::: EXTRACTED DATA

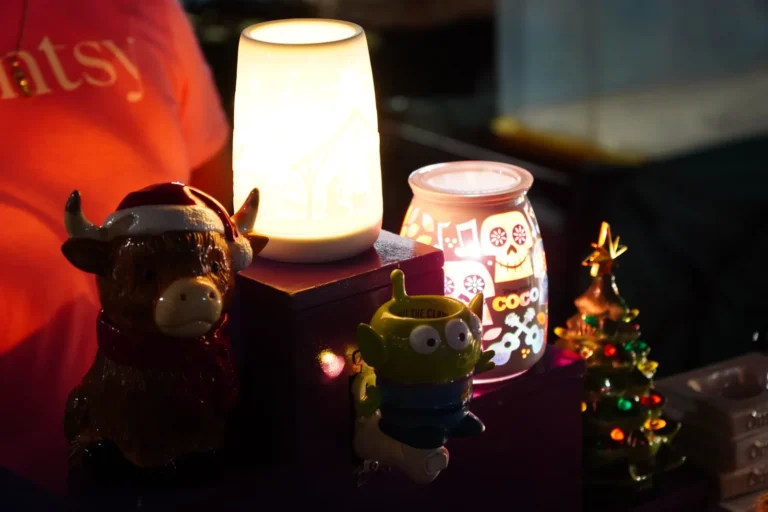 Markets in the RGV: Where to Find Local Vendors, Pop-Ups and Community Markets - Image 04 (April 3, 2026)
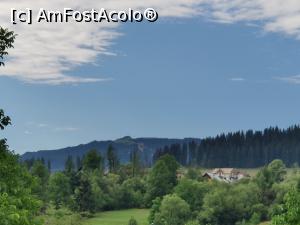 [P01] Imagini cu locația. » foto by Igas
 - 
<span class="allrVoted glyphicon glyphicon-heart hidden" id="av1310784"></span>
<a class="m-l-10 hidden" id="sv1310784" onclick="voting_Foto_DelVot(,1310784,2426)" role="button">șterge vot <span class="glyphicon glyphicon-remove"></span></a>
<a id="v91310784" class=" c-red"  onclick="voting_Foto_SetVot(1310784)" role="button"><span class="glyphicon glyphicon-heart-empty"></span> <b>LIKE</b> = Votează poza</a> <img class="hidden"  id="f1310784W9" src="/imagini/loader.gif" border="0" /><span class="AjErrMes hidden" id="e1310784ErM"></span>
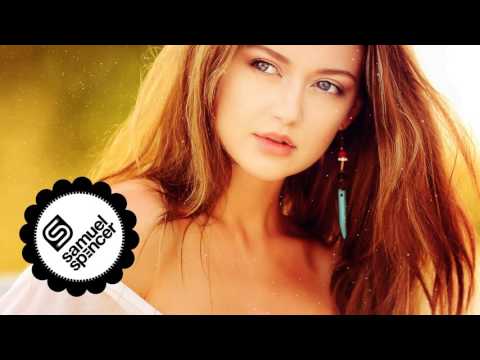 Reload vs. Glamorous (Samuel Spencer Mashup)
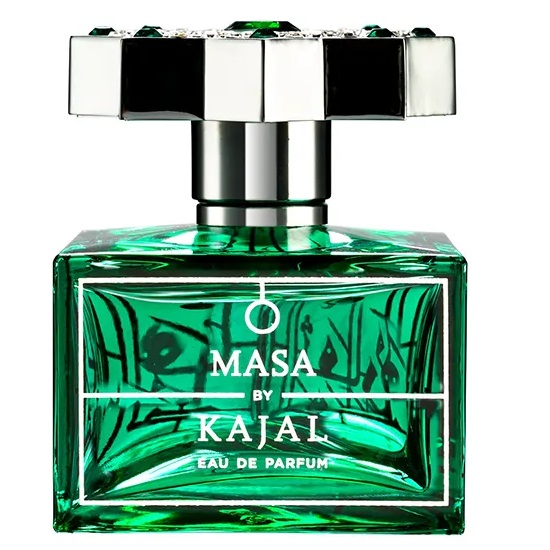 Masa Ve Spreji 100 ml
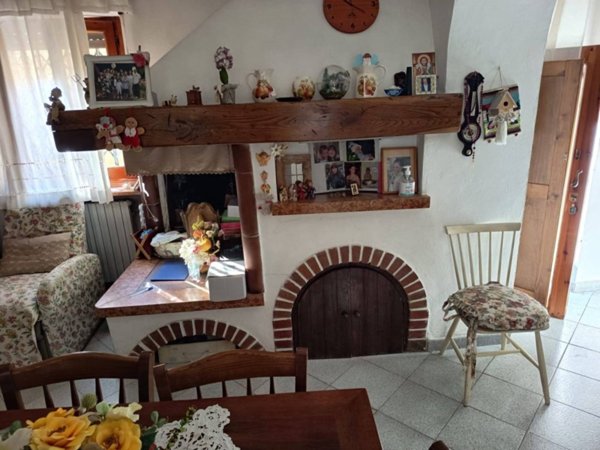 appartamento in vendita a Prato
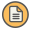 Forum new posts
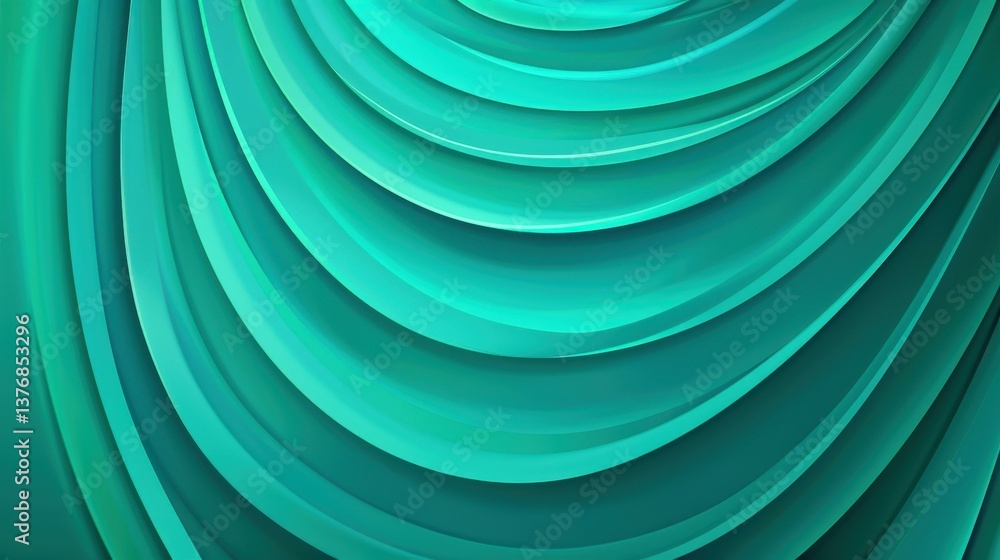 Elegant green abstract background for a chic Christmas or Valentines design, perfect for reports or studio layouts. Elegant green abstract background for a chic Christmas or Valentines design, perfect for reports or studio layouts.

::::::

§ THE TASK:
Each line of the data above must be reproduced as written. Skip the pictures.

§ ANSWER TO THE PROBLEM:
 Markets in the RGV: Where to Find Local Vendors, Pop-Ups and Community Markets - Image 04 (April 3, 2026)
 [P01] Imagini cu locația. » foto by Igas
 - 
<span class="allrVoted glyphicon glyphicon-heart hidden" id="av1310784"></span>
<a class="m-l-10 hidden" id="sv1310784" onclick="voting_Foto_DelVot(,1310784,2426)" role="button">șterge vot <span class="glyphicon glyphicon-remove"></span></a>
<a id="v91310784" class=" c-red"  onclick="voting_Foto_SetVot(1310784)" role="button"><span class="glyphicon glyphicon-heart-empty"></span> <b>LIKE</b> = Votează poza</a> <img class="hidden"  id="f1310784W9" src="/imagini/loader.gif" border="0" /><span class="AjErrMes hidden" id="e1310784ErM"></span>
 Reload vs. Glamorous (Samuel Spencer Mashup)
 Masa Ve Spreji 100 ml
 appartamento in vendita a Prato
 Forum new posts
 Elegant green abstract background for a chic Christmas or Valentines design, perfect for reports or studio layouts. Elegant green abstract background for a chic Christmas or Valentines design, perfect for reports or studio layouts.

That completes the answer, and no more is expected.